Visualizing the customer’s journey is at the heart of UX design or redesign. Creating a data-driven customer journey map (CJM) lets you figure out what users typically do in your app, how they get their tasks solved, and what steps they take to find their way. It also highlights the problems users may encounter when interacting with your app, giving you workable UX/UI improvement and optimization insights. 

So, once you decide to hire a UI/UX design firm, you need to check whether they are competent in customer journey mapping and what software they use to create the visual data presentations. Here is our intro to customer journey mapping software; it is conveniently categorized by the approach and tools used by designers. 

What Can CJM Give You? 

In a nutshell, CJM is a process of visualizing the customer experience. CJM software gives a neat visual presentation of the steps that users take to complete different goals with your apps and products.
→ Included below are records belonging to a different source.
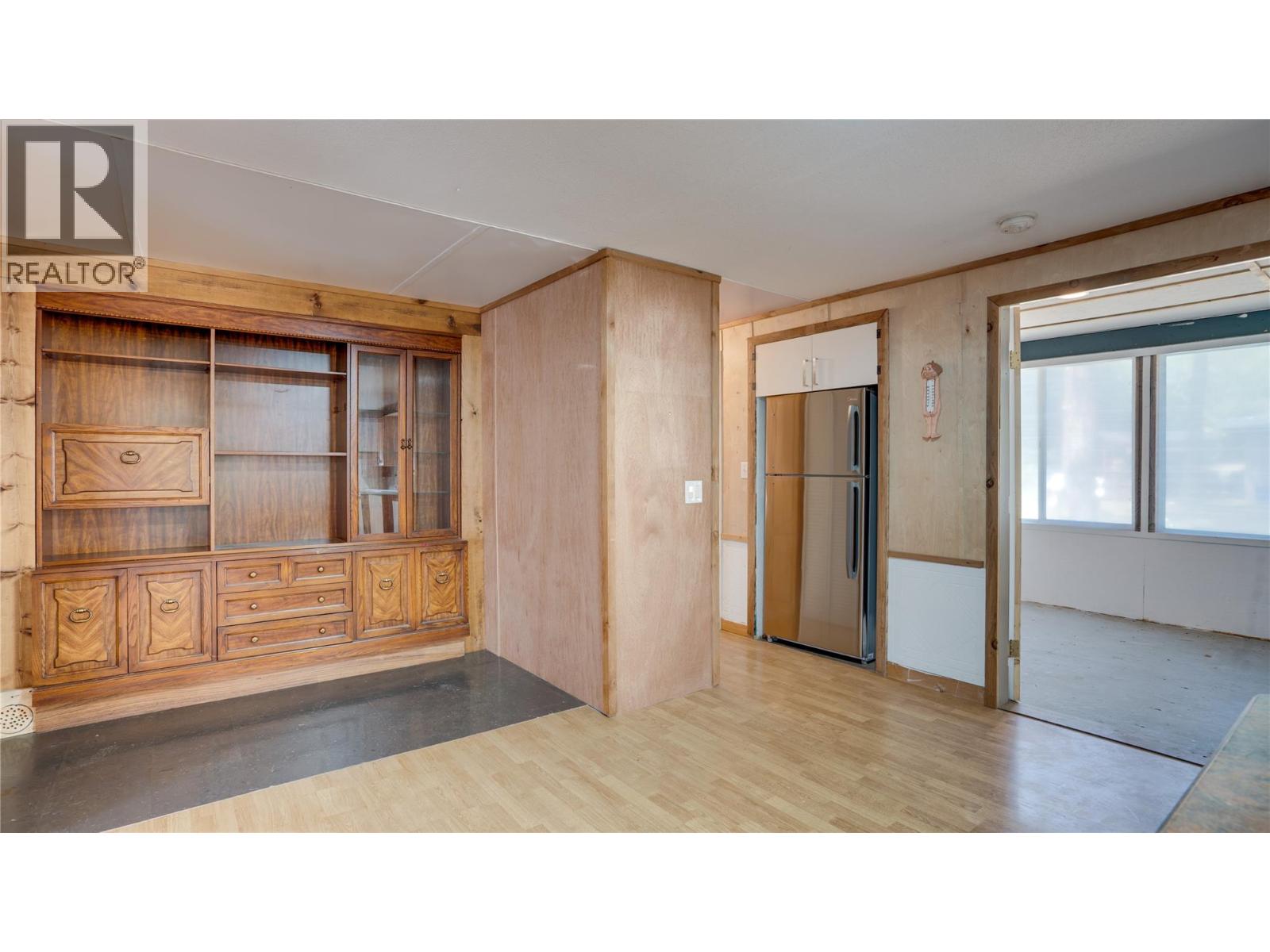 9-12069 Westside Road - 16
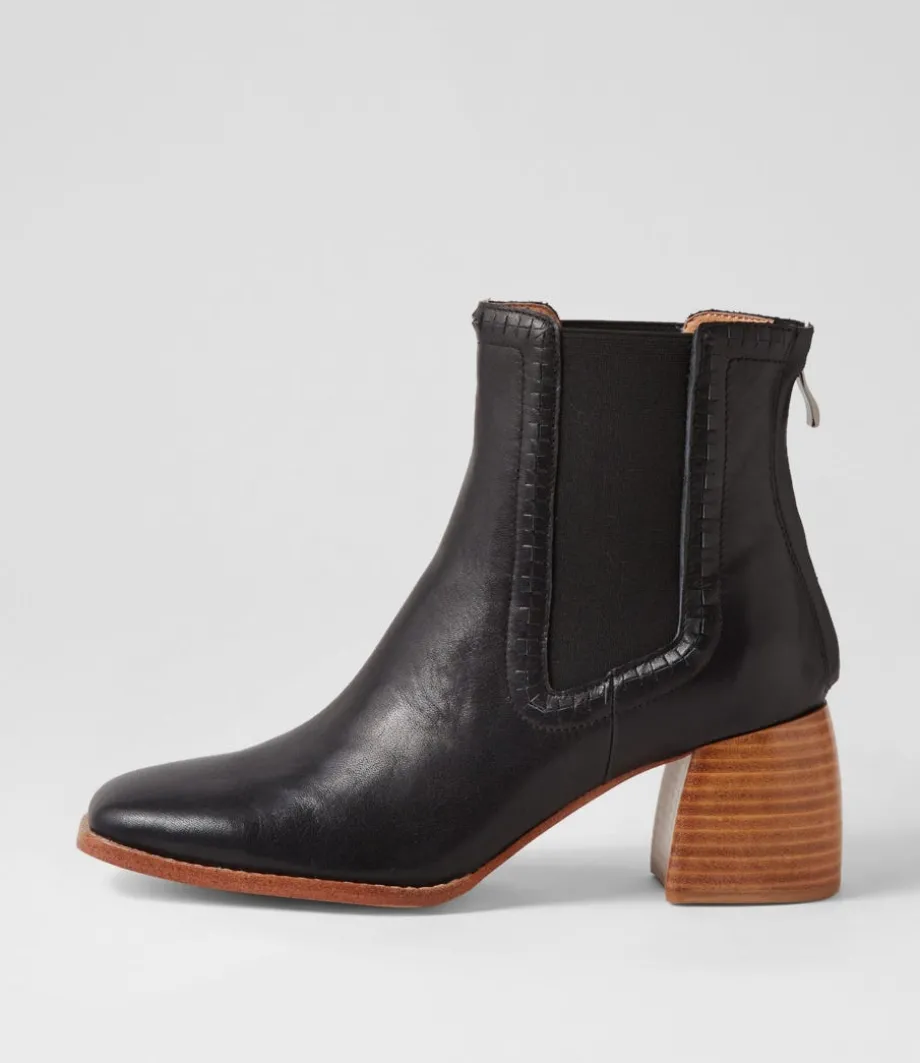 Played Black Natural Leather Chelsea Boots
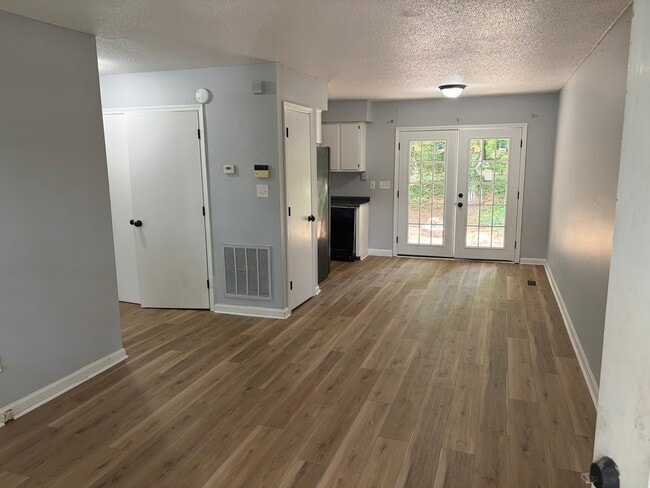 Building Photo - 839 Barringer Dr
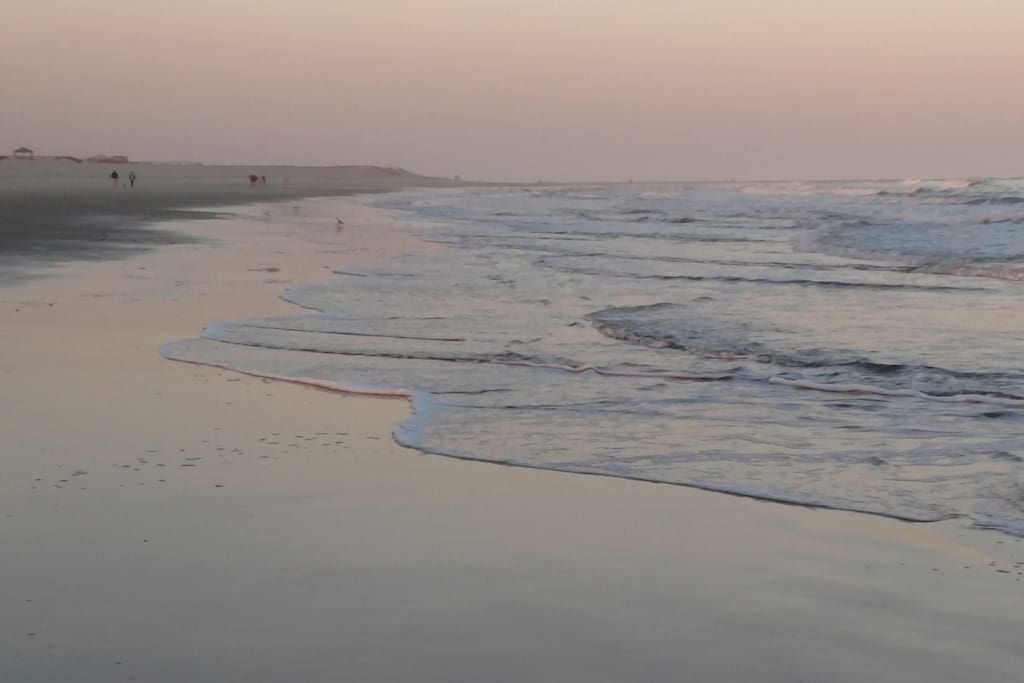 Pawley's Island beach is 5 minutes away!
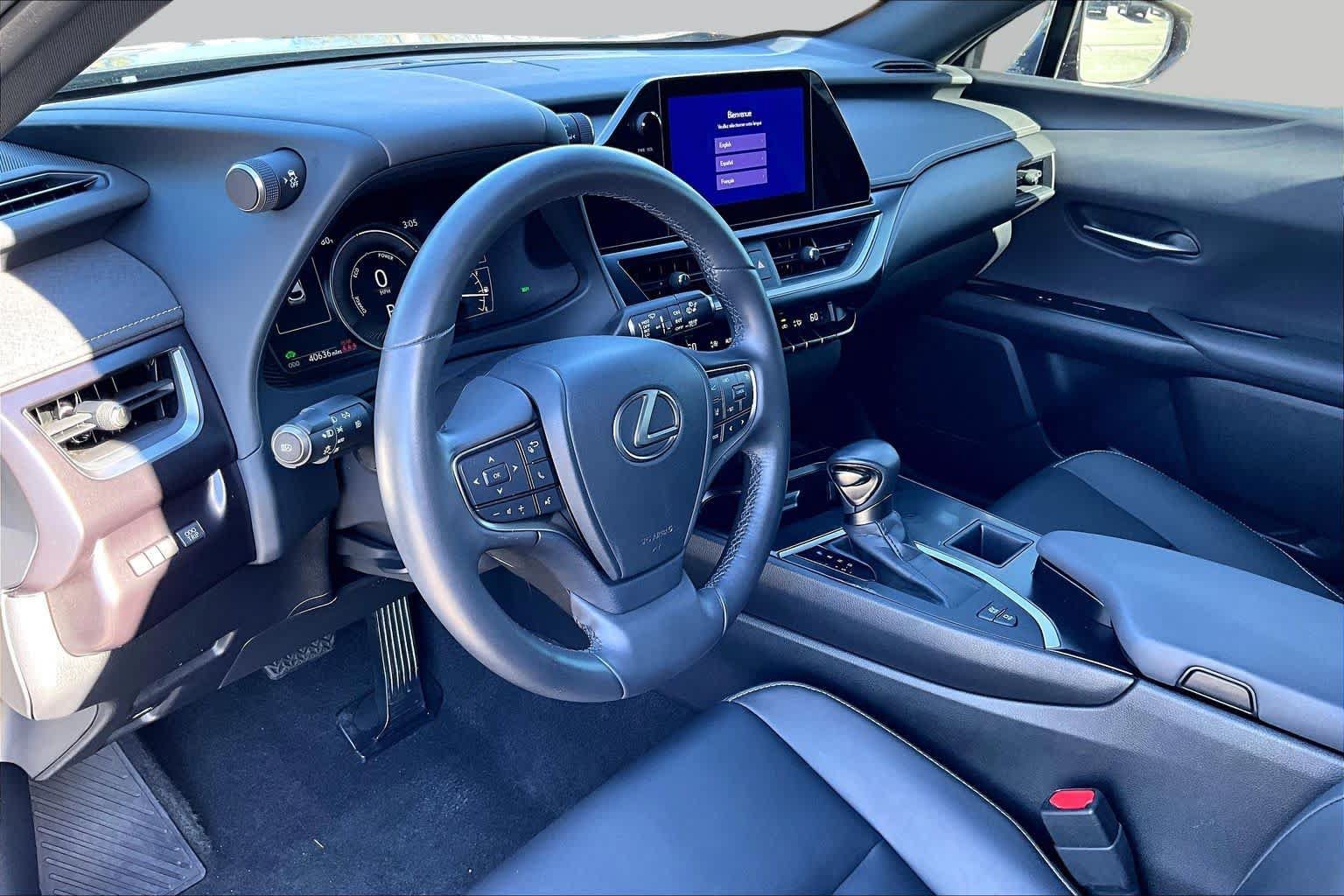 Certified 2024 Lexus UX 250h FWD image 16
For example, if you aim to create a hotel booking app, a CJM tool will show:

  • what data the users insert in search filters, 
  • how they review the hotel pages, 
  • what aspects they pay attention to before making the booking decision, 
  • which payment methods they use more often, 
  • what bottlenecks they come across in the process of booking and paying for the order, etc. 

Thus, when using CJM software in UX/UI planning, you will get valuable, data-driven insights on a range of subjects.  

  • Who your user is and what action they want to complete with the help of your app.
  • What steps the user makes on the way to task completion, and which of them are easy or cause challenges for them. 
  • Insights into the app’s functionality and useful/redundant features.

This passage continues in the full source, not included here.